The concert was introduced by that old saxophonist Bill Clinton. “It was so exquisite and classy and elegant and smart and so Bill Clinton,” said Tom D’Angora, the theatre producer who organized the campaign. “He went into the history of Birdland and the history of Charlie Parker and why supporting venues like Birdland and live entertainment is so important.”

You can see the benefit until Feb. 3 at savebirdland.com.

The total raised now stands at about $400,000, and D’Angora said the club will need every penny. “When they open up at the limited capacity, no matter what, even at sold out, they are operating at a huge loss,” he said, “but I think what we did with the fundraiser and shattering the goal like this, I think it’s going to really help them get through all of that.”

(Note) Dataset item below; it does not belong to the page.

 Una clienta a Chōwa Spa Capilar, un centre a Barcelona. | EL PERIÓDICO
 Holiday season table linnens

D’Angora said club owner Gianni Valenti had made renovations in the club to make it Covid safe. “He spent $20,000 putting in a whole new air filtration system,” he said, “bought all the plastic partitions so every single table had plastic on either side of it, making it as safe as possible for the artists and for the customers, and he opened and nine days later it was shut down again.”

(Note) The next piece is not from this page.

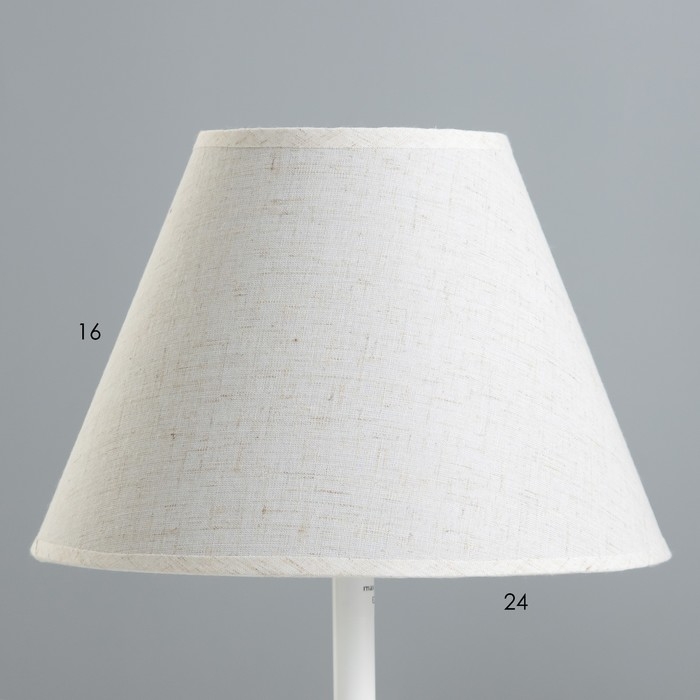 Лампа настольная Oliver 1х15Вт Е27 белый 25х25х40см RISALUX Лампа настольная Oliver 1х15Вт Е27 белый 25х25х40см RISALUX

That was in December. Valenti says he’s on pretty solid ground now. “Now I feel with the $400,000 and a new deal that I’ve set up with my landlord I have enough to get us through October, where I feel, and I’ve been told, that we may have indoor music in October,” said Valenti.

While the club has been closed, Valenti’s thoughts have not only been of how he would survive, but the musicians who played Birdland. So over the summer he started recording performances and putting them online.

“We went in cooperation with Broadway World, which has a large platform of people and they put the tickets up at $20,” said Valenti, “and the artists and Broadway World shared the money so that we could get money into the artists’ pockets.” He says he’ll resume this program in March.